With 2016 behind us, we can safely say that last year's investment theme was "uncertainty." The year kicked off with wariness about global growth and concerns about a slowdown in China's economy. Just as the economy showed signs of improvement in late May, uncertainty stemming from Brexit in June and the U.S. election in November repeatedly threw the Federal Reserve and the markets for a loop. With the Fed projecting four rate increases, then backpedaling to two and ultimately holding off until the last month of 2016, the economy continually took two steps forward and one step back.
As 2017 gets underway, questions about the Trump administration's policies on trade and other issues, as well as the potential for political change with elections in Italy, Germany, France, Hungary and the Netherlands, persist. The markets will no doubt be paying close attention to the outcomes of these events.
Against this global backdrop, these four currencies should offer potential for strong growth in 2017.
Global uncertainty may make some investors steer clear of foreign currencies, but savvy investors can find solid opportunities if they understand the dynamics of individual countries and the global landscape. Of course, part of this understanding will require closely following how the newly elected U.S. administration handles international trade deals in the coming year.
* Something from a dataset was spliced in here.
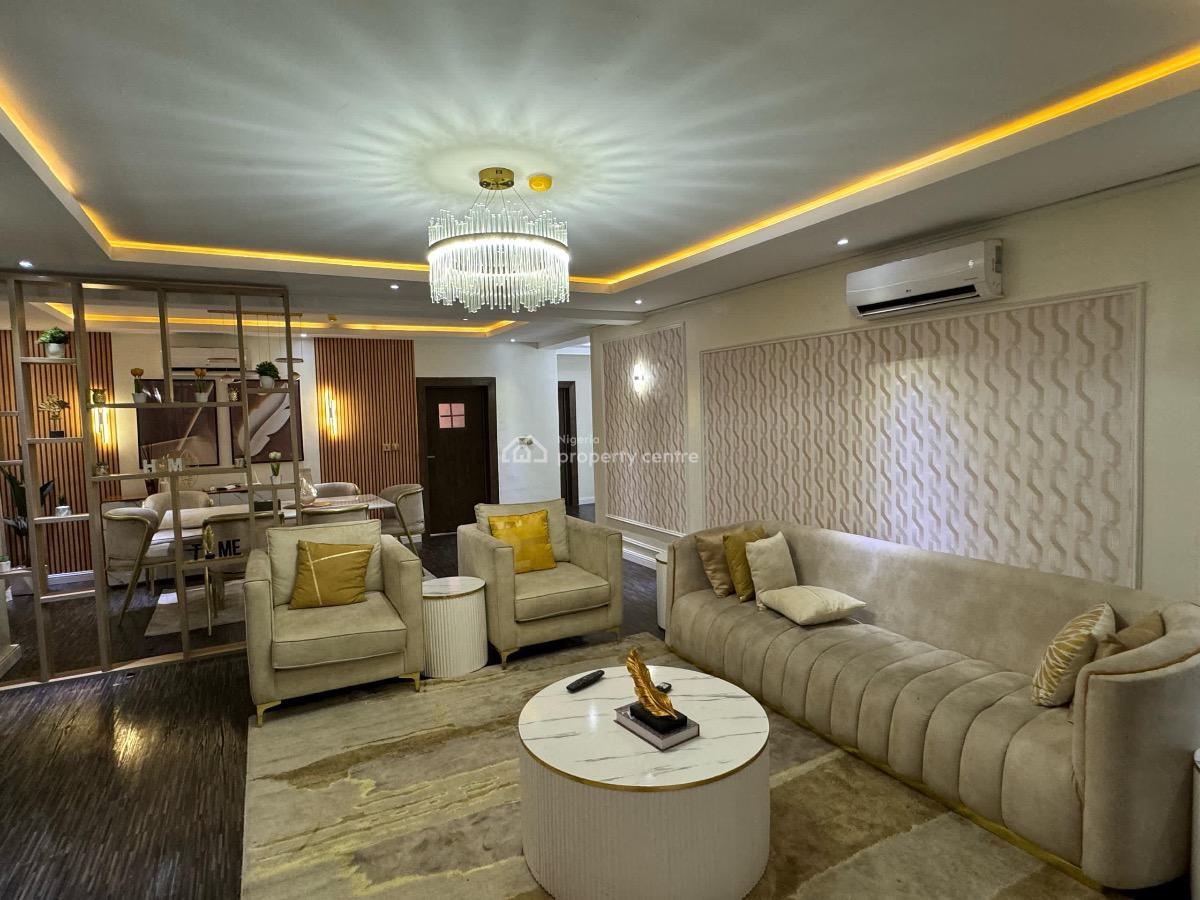 Luscious 3 Bedroom Apartment, Oniru, Victoria Island (vi), Lagos, Flat / Apartment Short Let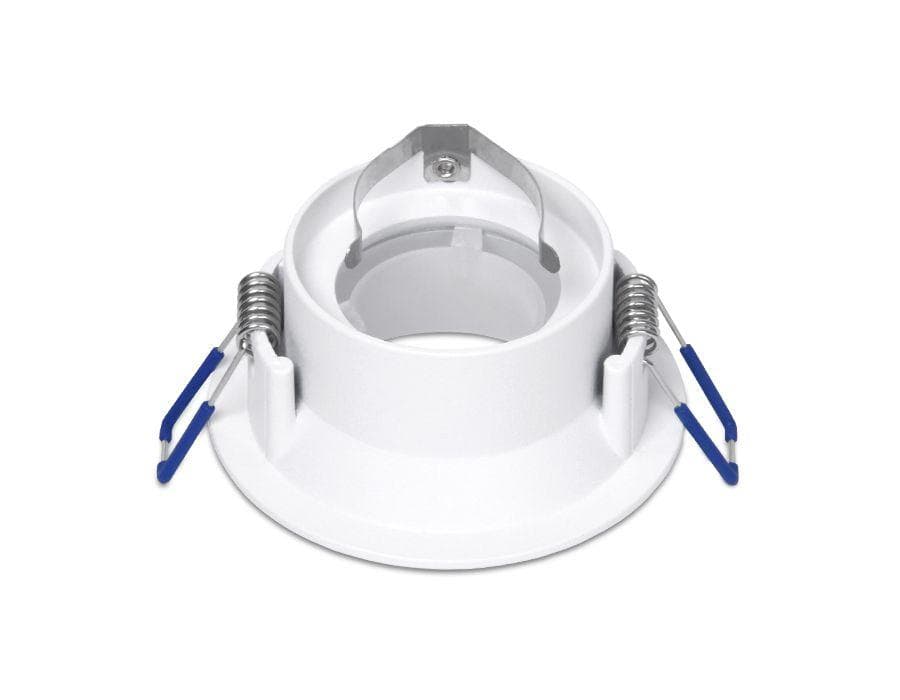 Ambrella Встраиваемый точечный светильник TN186 WH/S белый/песок GU5.3 D80*50 — миниатюра 3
The economic fundamentals in Norway – a longtime favorite of the World Markets trading desk – continue to be among the best in the world. Norway's economy is relatively insulated from the European debt crisis and the country's central banking strategy is characterized by prudent fiscal and monetary policies and tight lending standards, with interest rates held at 0.50 percent. Norway was one of the few countries that withstood the financial crisis due to its low unemployment rate and positive GDP growth of over 2 percent in 2008. The country is currently the largest energy exporter in Europe and the third largest exporter of oil and gas in the world, behind Saudi Arabia and Russia. These healthy fundamentals, combined with a recovery and stabilization of oil prices, point to a potential long-term investment opportunity in the Norwegian krone.
Turning to emerging markets, we could see a performance boost in the Russian ruble this coming year, led by more stable or slightly increased oil prices and predicted improvement in its relations with the U.S. Though it's unclear exactly how the new administration will direct policy in regards to Russia, any easing of sanctions could lead to a jump in the ruble.
Additionally, the Brazilian real was a top performing currency last year, and could continue to perform well under a strengthening Brazilian economy, rising commodity prices and increased metal demand from China. However, there is still some uncertainty when it comes to Brazilian politics while Russia's administration is firmly in place.
Finally, India is projected to surpass China in both GDP and population growth. India has achieved high levels of GDP growth – between 7 and 8 percent this past year – due to high levels of private consumption, as opposed to government spending and increased debt levels. The emergent middle class, a population that is trending younger, and continued reforms could lead to the highest GDP growth rate of all the major global economies. Taken together, these factors point to India as potentially offering the best opportunity for returns among the emerging market currencies.
Uncertainty will not disappear any time soon with so many market-moving events in play. Regardless, precious metals and select foreign currencies can provide diversification benefits in any portfolio. While the equity markets and other areas of investment are likely to experience volatility springing from upcoming events, these currencies and precious metals may offer investors more stable opportunities with a strong potential for returns.